(Data items)
......
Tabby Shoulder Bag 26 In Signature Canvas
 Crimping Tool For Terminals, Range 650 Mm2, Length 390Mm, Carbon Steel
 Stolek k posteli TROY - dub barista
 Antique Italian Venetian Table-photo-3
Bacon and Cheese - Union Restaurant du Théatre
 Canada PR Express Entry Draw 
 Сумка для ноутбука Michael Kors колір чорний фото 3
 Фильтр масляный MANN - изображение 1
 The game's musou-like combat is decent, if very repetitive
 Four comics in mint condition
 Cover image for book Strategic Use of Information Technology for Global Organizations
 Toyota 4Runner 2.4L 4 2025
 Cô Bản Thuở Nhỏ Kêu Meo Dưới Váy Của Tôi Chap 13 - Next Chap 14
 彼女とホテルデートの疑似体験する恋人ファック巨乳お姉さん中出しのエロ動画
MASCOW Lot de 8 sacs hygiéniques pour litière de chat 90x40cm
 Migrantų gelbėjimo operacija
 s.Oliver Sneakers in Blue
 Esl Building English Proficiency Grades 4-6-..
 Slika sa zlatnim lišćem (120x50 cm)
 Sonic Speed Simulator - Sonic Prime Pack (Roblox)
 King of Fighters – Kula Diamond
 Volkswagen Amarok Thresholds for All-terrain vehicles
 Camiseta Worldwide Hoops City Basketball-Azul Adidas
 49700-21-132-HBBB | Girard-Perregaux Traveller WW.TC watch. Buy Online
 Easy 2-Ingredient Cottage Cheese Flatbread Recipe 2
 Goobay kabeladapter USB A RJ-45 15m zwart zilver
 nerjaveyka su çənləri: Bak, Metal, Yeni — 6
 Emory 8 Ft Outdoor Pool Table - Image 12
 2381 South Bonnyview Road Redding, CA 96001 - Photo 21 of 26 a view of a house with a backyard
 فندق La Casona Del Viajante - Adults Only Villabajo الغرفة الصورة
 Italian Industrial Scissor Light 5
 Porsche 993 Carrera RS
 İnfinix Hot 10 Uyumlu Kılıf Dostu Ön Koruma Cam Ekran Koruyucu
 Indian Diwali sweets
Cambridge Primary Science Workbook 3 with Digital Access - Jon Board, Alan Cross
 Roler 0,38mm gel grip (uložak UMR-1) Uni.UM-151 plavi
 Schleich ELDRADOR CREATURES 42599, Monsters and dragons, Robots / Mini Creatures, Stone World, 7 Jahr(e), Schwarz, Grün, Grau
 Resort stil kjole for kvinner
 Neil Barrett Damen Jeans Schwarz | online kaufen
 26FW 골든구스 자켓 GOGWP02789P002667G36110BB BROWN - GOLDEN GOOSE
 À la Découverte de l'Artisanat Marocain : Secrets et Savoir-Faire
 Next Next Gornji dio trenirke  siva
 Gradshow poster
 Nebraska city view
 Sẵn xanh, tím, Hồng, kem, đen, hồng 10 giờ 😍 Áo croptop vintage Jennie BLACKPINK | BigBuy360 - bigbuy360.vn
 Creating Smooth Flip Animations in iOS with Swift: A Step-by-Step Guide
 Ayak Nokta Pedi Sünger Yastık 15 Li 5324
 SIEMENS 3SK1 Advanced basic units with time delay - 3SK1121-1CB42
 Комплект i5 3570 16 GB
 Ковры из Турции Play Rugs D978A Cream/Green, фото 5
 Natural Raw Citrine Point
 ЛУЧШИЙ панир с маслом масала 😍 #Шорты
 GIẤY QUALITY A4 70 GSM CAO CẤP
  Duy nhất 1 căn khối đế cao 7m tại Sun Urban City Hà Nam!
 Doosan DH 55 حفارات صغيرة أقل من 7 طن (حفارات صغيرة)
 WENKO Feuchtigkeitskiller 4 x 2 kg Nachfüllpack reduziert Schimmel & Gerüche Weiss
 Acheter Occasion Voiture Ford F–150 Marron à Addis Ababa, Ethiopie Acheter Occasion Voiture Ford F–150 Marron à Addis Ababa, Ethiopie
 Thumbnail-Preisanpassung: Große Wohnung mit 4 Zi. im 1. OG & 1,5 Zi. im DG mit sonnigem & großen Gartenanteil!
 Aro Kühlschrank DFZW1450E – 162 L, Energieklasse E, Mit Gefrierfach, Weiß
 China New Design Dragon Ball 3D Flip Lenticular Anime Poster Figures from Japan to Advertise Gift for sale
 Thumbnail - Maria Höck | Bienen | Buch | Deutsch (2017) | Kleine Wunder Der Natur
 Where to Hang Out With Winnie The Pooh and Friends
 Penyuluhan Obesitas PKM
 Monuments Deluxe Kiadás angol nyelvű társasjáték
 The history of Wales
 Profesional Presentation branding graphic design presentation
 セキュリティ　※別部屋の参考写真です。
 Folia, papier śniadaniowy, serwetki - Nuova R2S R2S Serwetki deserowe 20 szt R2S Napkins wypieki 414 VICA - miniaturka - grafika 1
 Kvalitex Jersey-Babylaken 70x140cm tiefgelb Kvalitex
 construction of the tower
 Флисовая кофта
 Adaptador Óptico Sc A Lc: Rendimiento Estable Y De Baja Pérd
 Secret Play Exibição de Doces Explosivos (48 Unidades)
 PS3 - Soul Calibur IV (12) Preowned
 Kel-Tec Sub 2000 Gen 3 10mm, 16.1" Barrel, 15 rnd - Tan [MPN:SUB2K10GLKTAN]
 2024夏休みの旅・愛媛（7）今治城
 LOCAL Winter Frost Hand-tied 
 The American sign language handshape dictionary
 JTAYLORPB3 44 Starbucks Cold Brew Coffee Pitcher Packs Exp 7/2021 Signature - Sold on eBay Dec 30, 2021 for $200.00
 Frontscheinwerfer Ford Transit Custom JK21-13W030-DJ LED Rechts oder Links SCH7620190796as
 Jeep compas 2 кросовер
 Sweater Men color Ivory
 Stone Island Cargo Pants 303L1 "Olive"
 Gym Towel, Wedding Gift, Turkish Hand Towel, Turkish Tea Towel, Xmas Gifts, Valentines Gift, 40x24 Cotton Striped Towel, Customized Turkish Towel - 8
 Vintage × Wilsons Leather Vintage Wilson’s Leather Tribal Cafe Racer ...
......
PROBLEM TO WORK ON: For the string "view", return every line of the data where it appears.

RESPONSE AREA:
 2381 South Bonnyview Road Redding, CA 96001 - Photo 21 of 26 a view of a house with a backyard
 Nebraska city view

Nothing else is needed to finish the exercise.